The intention of the Back to the Future Big Year blog is to provide periodic trip reports and general updates recounting highlights of my 2019 ‘Big Year’ of birding in the American Birding Association (ABA) area. Following the annexure of Hawaii in 2016, the ABA area now includes all of the states and territories of the US and Canada, and adjacent waters (typically out to 200 miles). Acknowledging the irregularity of my blog communications during my 2016 American birding year, I recommend activating the subscription option to avoid frustration when visiting the site hoping for signs of life. Although the blog format doesn’t allow for public comments, I can be contacted at birdingyear@gmail.com. Please keep in mind that my outsourced off-shore Complaints Department maintains a near-perfect track record of misplacing incoming correspondence.

Preparations for my second ABA Big Year have centred more on familiarity with the birds, their habits, and sounds, than on strategy development – which conveniently builds upon the experiences of my first time at bat.

Binocular vision

Following decades of reptile-inspired fieldwork throughout Australia’s wildest places – with only a passive interest in the birds, my birding epiphany occurred a mere dozen years ago. Although this late arrival to the hobby dictates that I’ll never be one of ‘those’ savant birders that the rest of us can only envy, I’ll continue having fun trying to get there. I’ve certainly enjoyed packing just about as much birding as is humanly possible into the past decade – and not just during my three full-year birding missions- often to the frustration of those who once counted upon my commitments to work and home. 

Beautiful Mallee habitat encountered at the marvellously remote ‘No Name Conservation Reserve’ in South Australia, provided a typical backdrop for my 2014 Australian Big Year – the stuff of great memories. Both of my Aussie birding years were predominated by remote travel and exploration – the sort of overland birding I’m planning to do more of during my 2019 ABA Big Year.

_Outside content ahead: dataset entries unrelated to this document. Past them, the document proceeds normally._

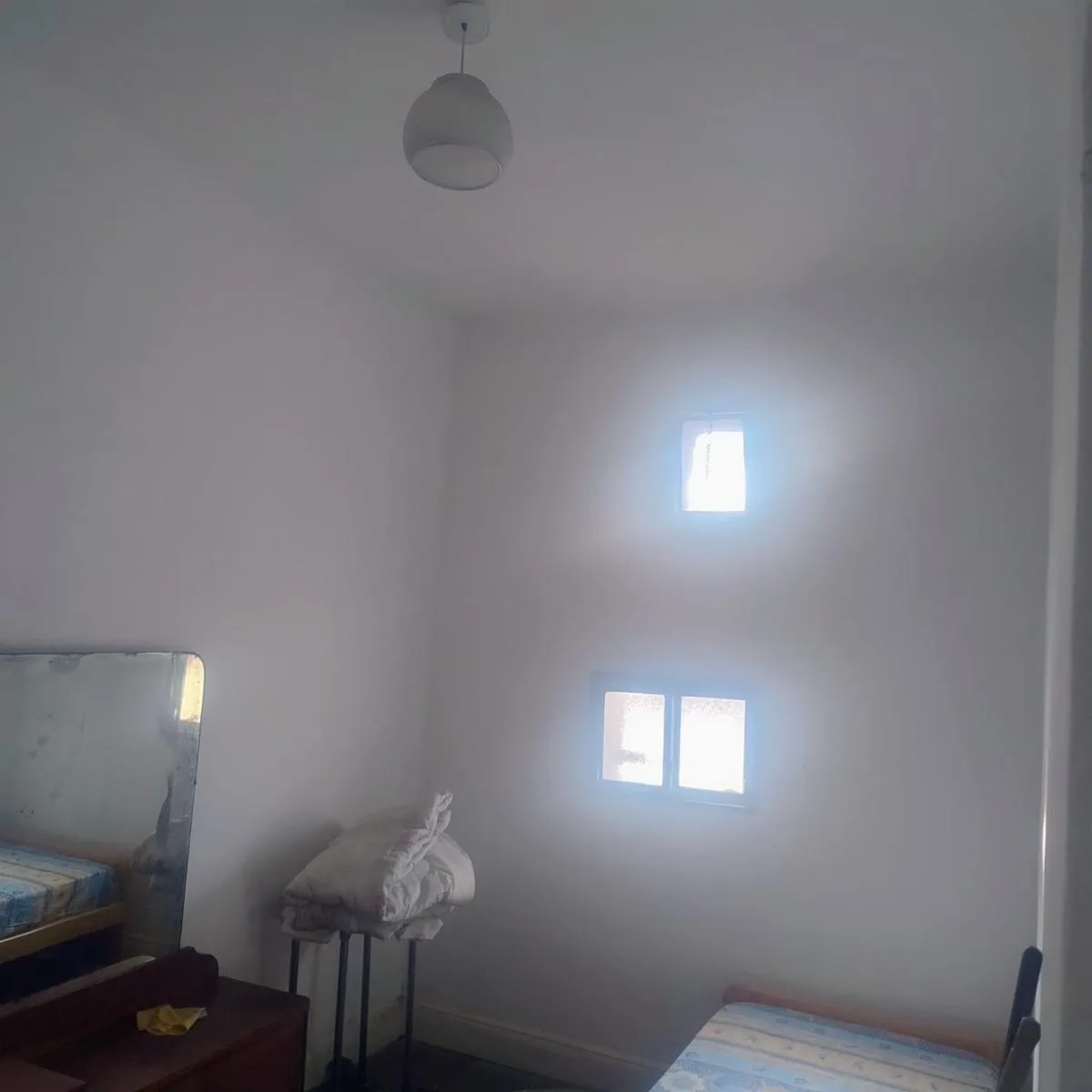 2 Ambientes con Pequeña Cocina y Baño Cerca de Todo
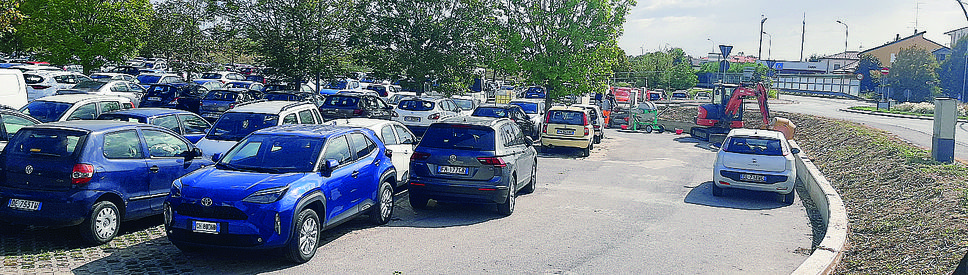 I lavori al parcheggio ospedale in via Massena a Lodi I lavori al parcheggio ospedale in via Massena a Lodi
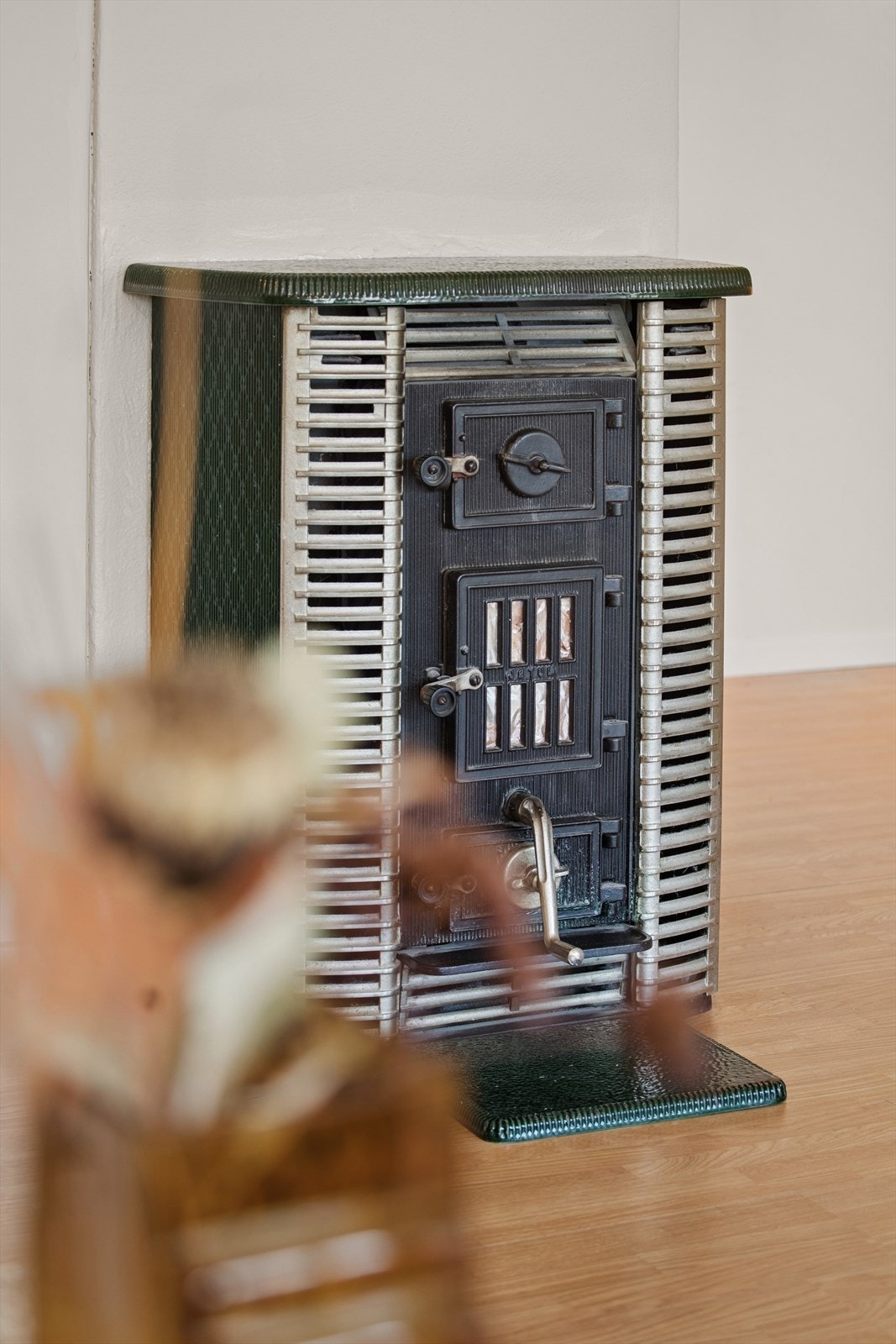 Koselig peis i stuen til kalde vinterdager. Galleribilde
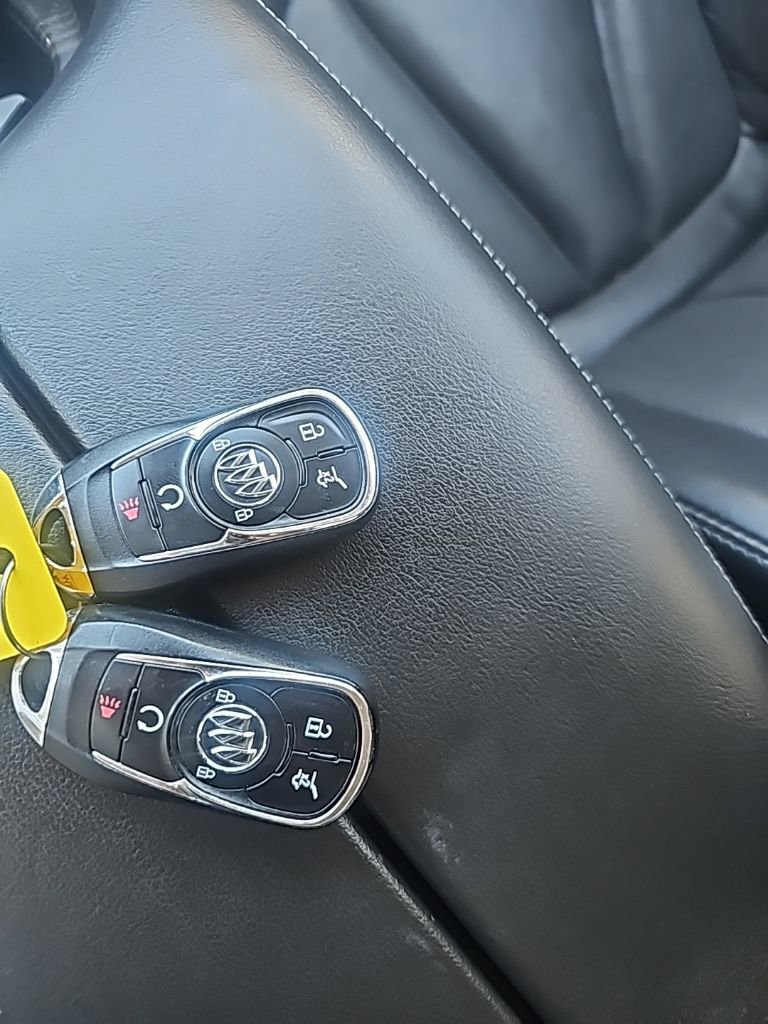 Used 2019 Buick Envision Essence image 22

As has been the case throughout my history of long absences from home in search of reptiles or birds, Robyn will join me from time to time in 2019 to share in the fun, and to help keep me sane (she’s already called ‘dibs’ on two of my four planned Hawaiian terrestrial missions). The times that Robyn has joined me during my 2016 North American bird-year were amongst the most memorable.

John and Robyn Weigel on Norfolk Island after completing the search for the island’s endemic bird species.